Thank you for your letters, some of which give me inspiration to write about a particular subject.
I try to bear in mind the subject must be of interest to as many of you loyal readers as possible.
One came from a group of women who volunteer to provide flowers for a church all through the year. I was pleased to read they are going to grow the plants themselves. They are prepared to buy flowers during the winter but want easy-to-grow flowers from July until autumn. What would I suggest? Simple: dahlias.
It’s great to hear from you and as you can see, I welcome any subject you would like me to write about.
Yes, dahlias are the answer. The tubers are available at your garden centre in colourful packs with pictures on the front. Take your glasses to be sure the dahlia you like best will grow to the height you want.
It’s too early to plant dahlias outdoors so plant the tubers in pots of potting compost in the greenhouse or on a windowsill. In a couple of weeks shoots will appear and it is easy to take cuttings from the shoots.
The plants can be planted in the garden after May 21 if you live in Portsmouth. But if you live ‘over the hill’, there could be frosts right up to May 21. There is an old saying: count the number of fogs in March (we had two at Waterlooville) and this will give you the number of frosts in May.
Another old saying is: when the hawthorn where you live has finished blooming there won’t be another frost where you live. If you’re not sure what hawthorn looks like, it is also called the bread and cheese plant. It is thorny and grows all over Portsdown Hill. I mention this because Michael, who lives at Cowplain, and Felicity who lives on top of Portsdown Hill have asked me about frost dates.
Dahlias. There are decorative, cactus types, giant blooms and pom pom varieties. The latter are popular for arranging, but my favourites are the water lily types. Look for the water lily bloom flower pictures on the front of the packets. There are reds, yellows and pinks and they are wonderful.
Dahlias flower from the end of June until frost arrives in November. They are perfect for decorating a church for weddings and baptisms. They flower their socks off and are the cheapest and best of cut flowers.
One last tip. Choose yellows and whites in dark areas of the church, but add orange for a wonderful contrast. In the brightest areas of the church use reds, oranges and yellows.
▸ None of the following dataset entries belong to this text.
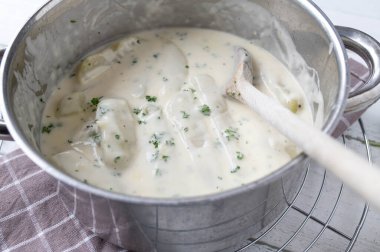 Beşamel soslu Kohlrabi, tahta kaşıkla tencerede..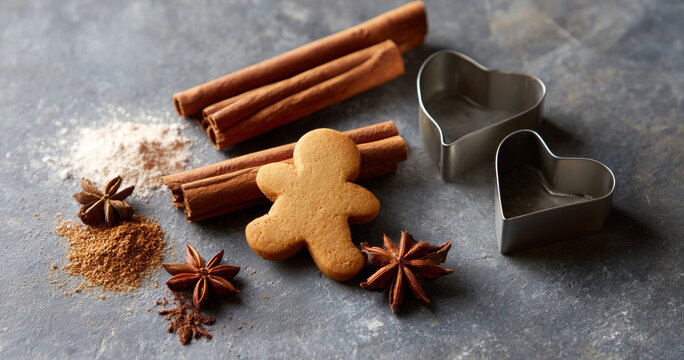 Gingerbread cookie with cinnamon sticks, star anise, and heart-shaped cookie cutters on textured surface - Powered by Adobe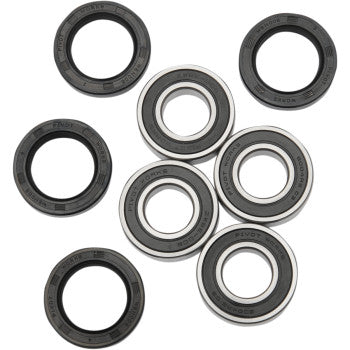 Set of round metal wheel bearings and black rubber seals arranged on white background.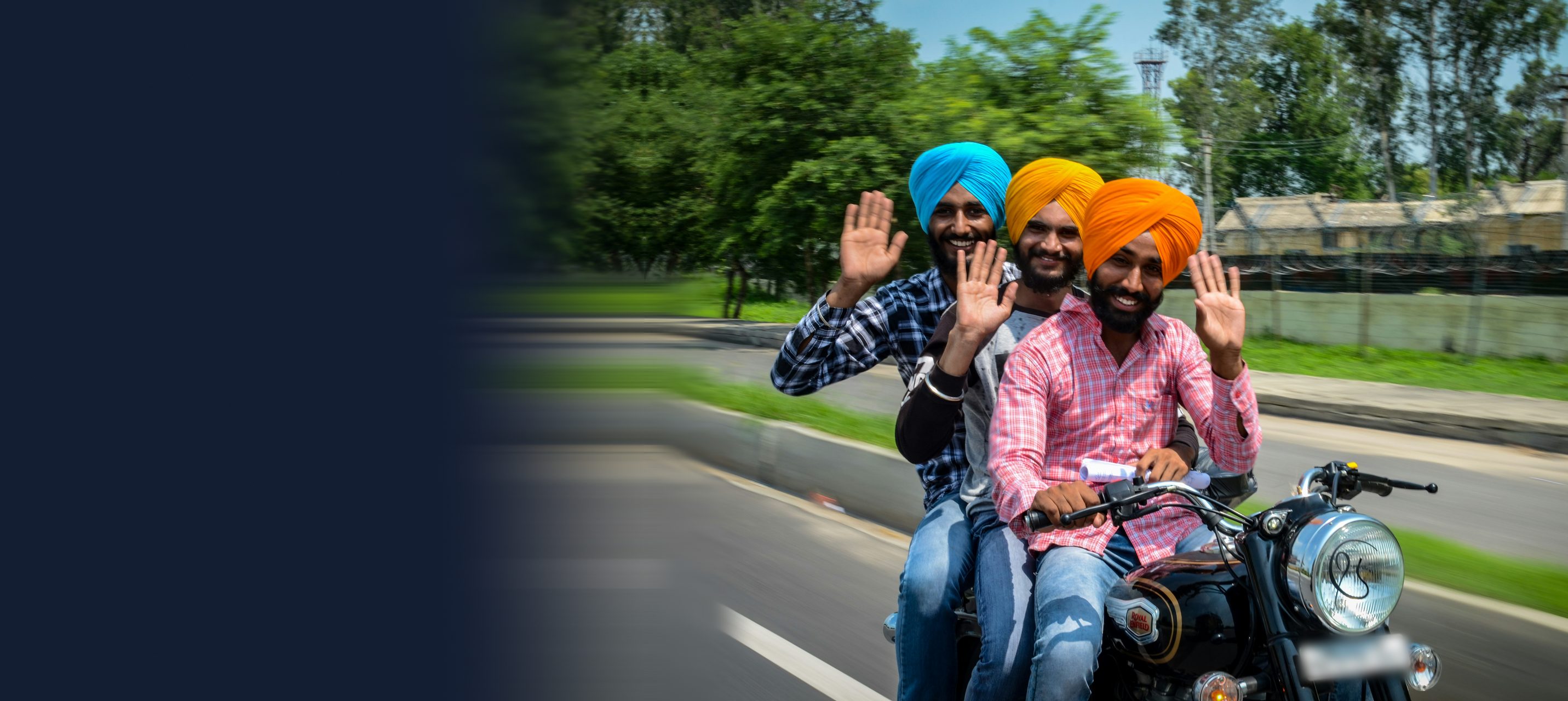 Three young Sardars in sky blue, yellow and saffron turbans, smiling and waving from a motorbike in Punjab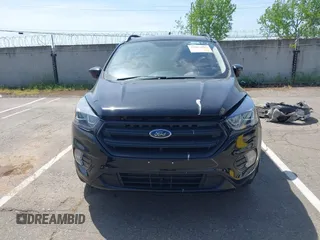 2019 Ford Escape SE with VIN 1FMCU0GD4KUB29621, listed as a IAAI auction lot 42062095 with 137,807 mi miles. Bid and sale history available at carsss.com. Image 13.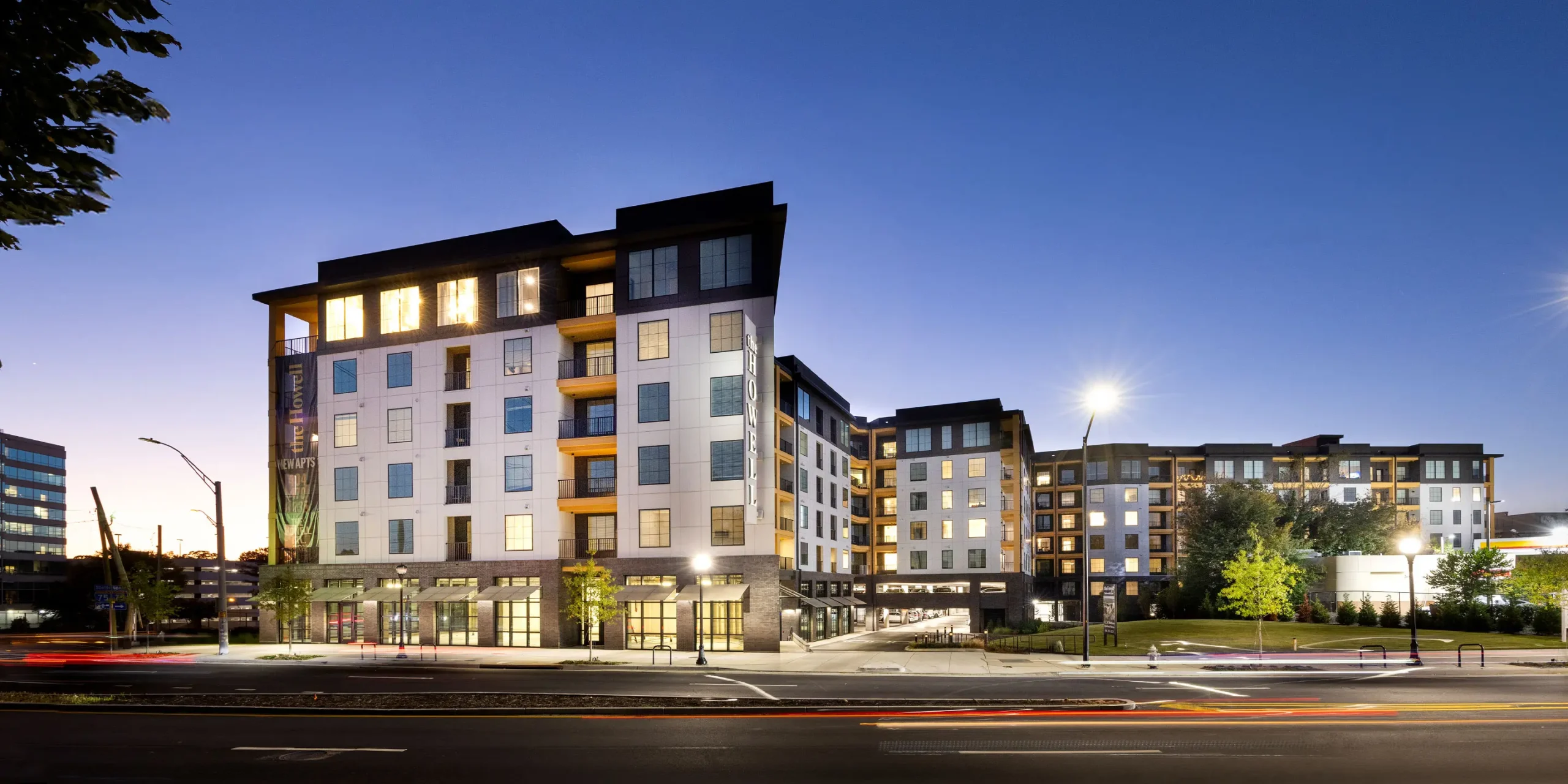 Nighttime street view of The Howell featuring the main entrance, parking access, and illuminated blade sign.
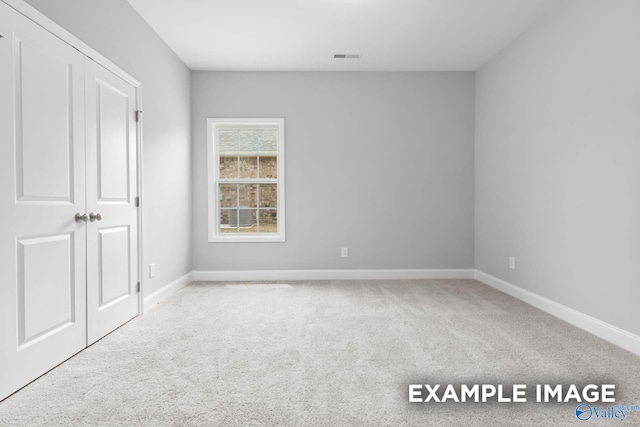 unfurnished bedroom featuring a closet and carpet floors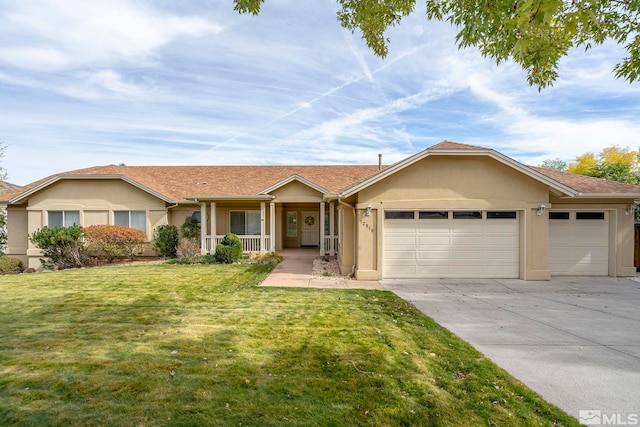 ranch-style home featuring covered porch, a garage, and a front yard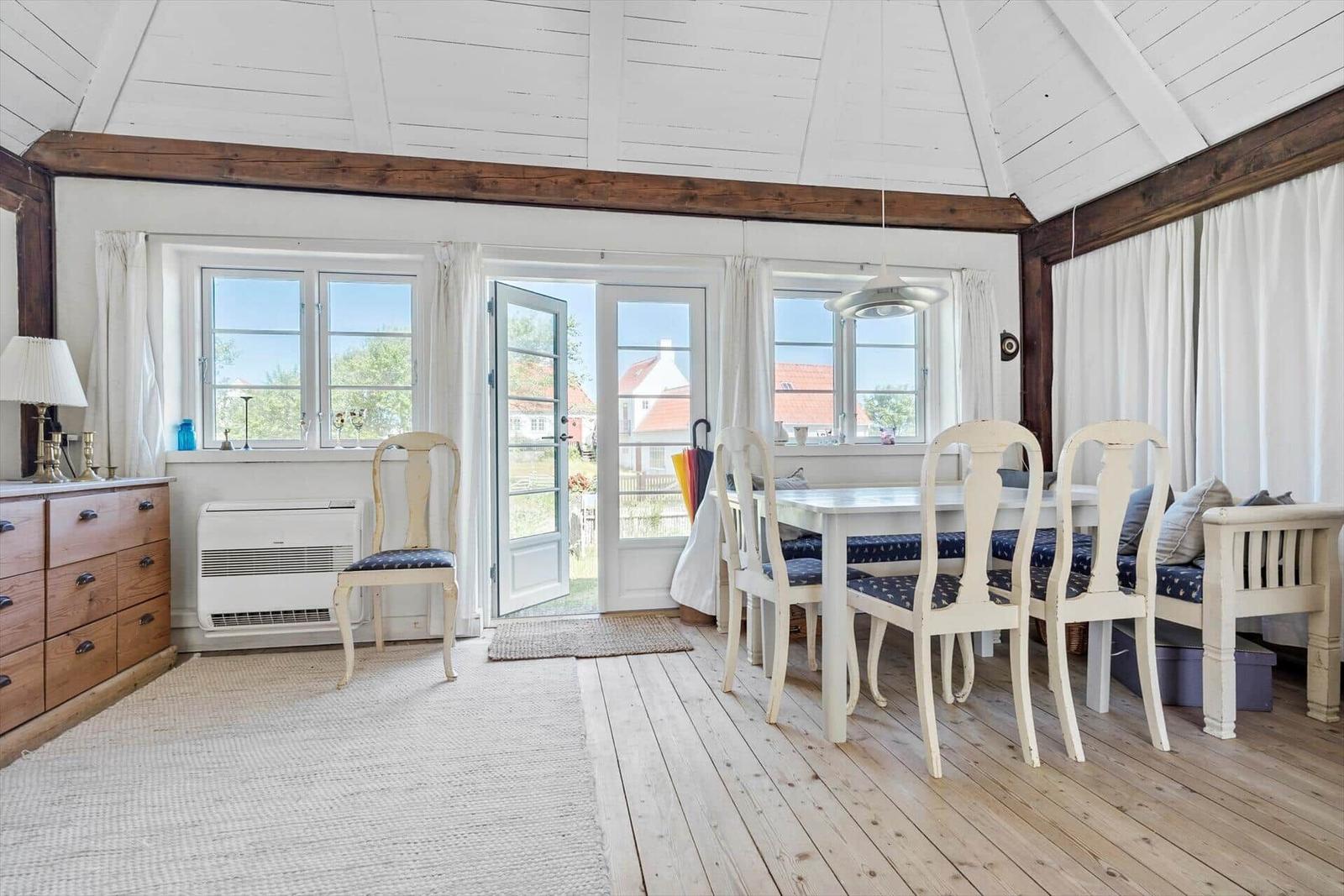 Esszimmer mit Tisch, Stühlen und Blick auf den Garten.
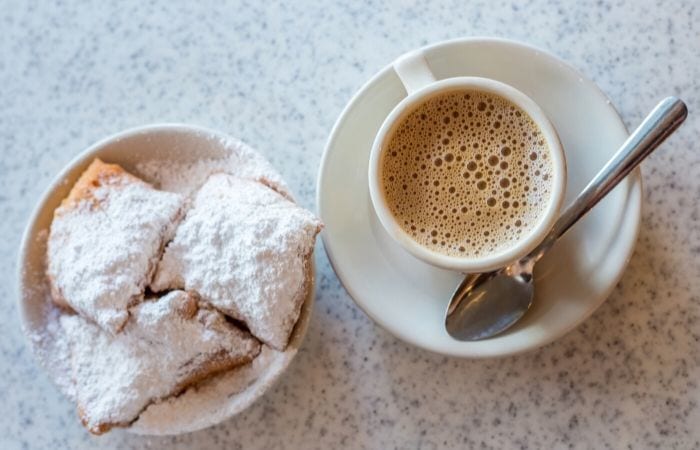 beignets and coffee cup with spoon from above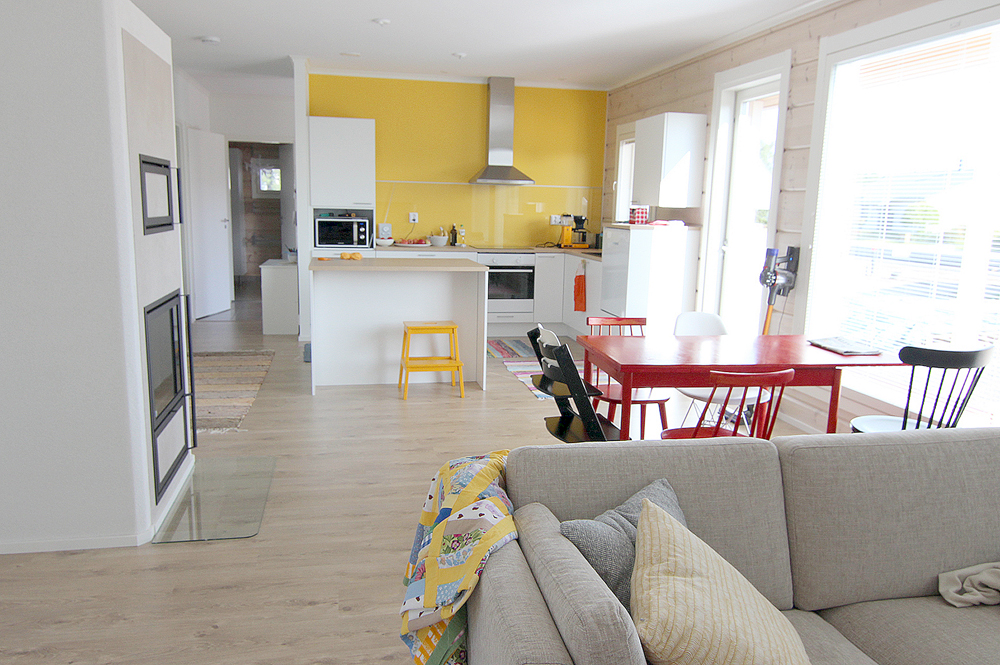 Muuttovalmis hirsitalo: näkymä olohuoneesta keittiöön. Punaisen keittiön pöydän ympärillä on värikkäitä tuolia. Keittiön takaseinä on keltainen.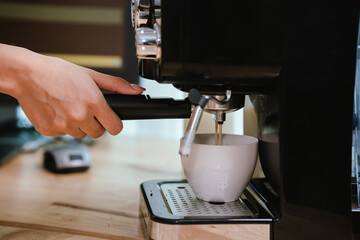 Barista grinding coffee beans and pouring espresso from machine in café, showing close-up of professional preparation of hot aromatic drink.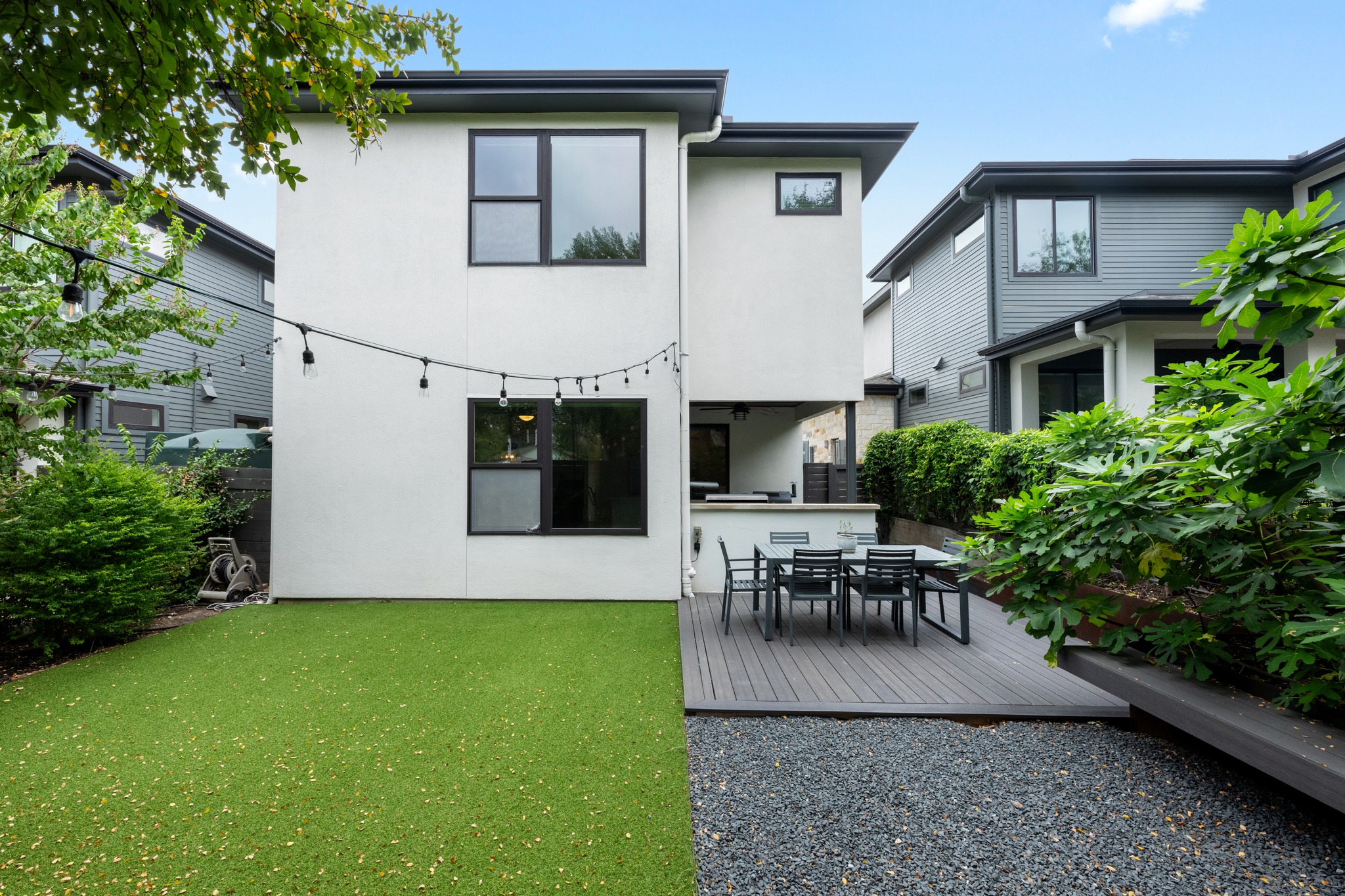 a view of a patio with table and chairs potted plants and large tree
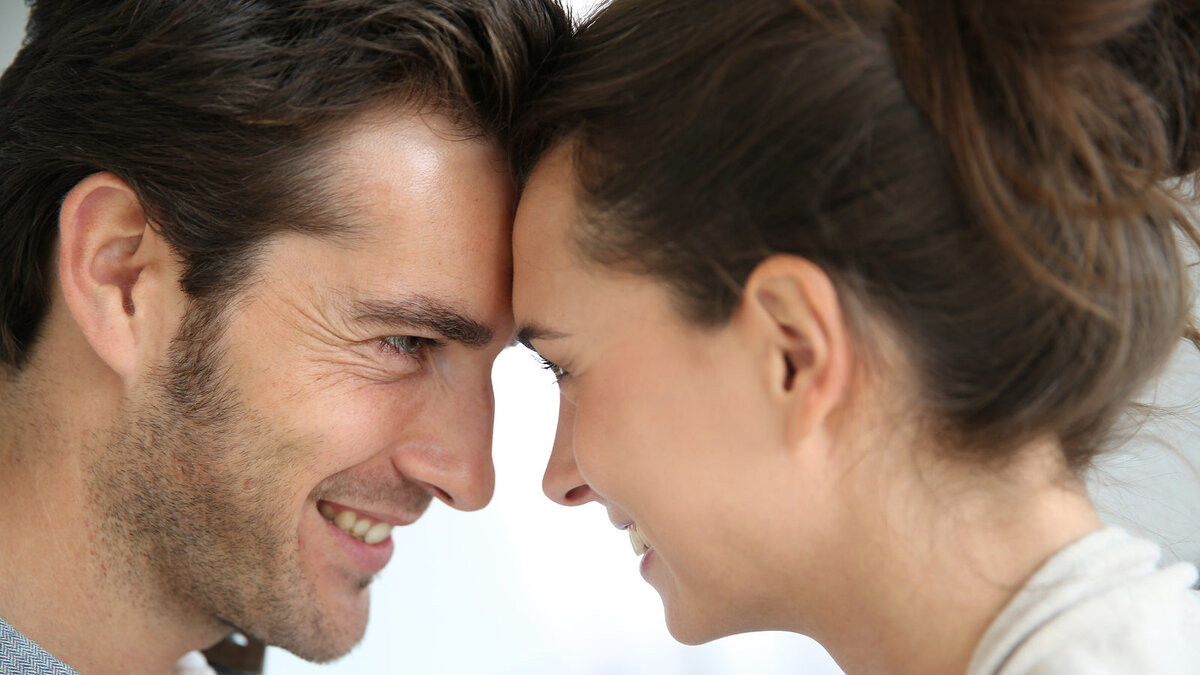 Profile of loving couple looking at each other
A glint of sunshine will brighten the arrangement and oddly enough the same applies in the garden. In long thin gardens plant the yellows and whites at the bottom of the garden with reds and oranges nearest the house. Have a go and you’ll see what I mean. Just brilliant.
TIP OF THE WEEK
Daffodil and tulip leaves are a nuisance when planting out summer flowers and you won’t be the only one tempted to pull them off. Please don’t.
The quickest way to encourage spring bulb foliage to die down naturally is to remove the dead flowers and seed head. The stem then dies down naturally and all the elements in the flower stalk return to the mother bulb.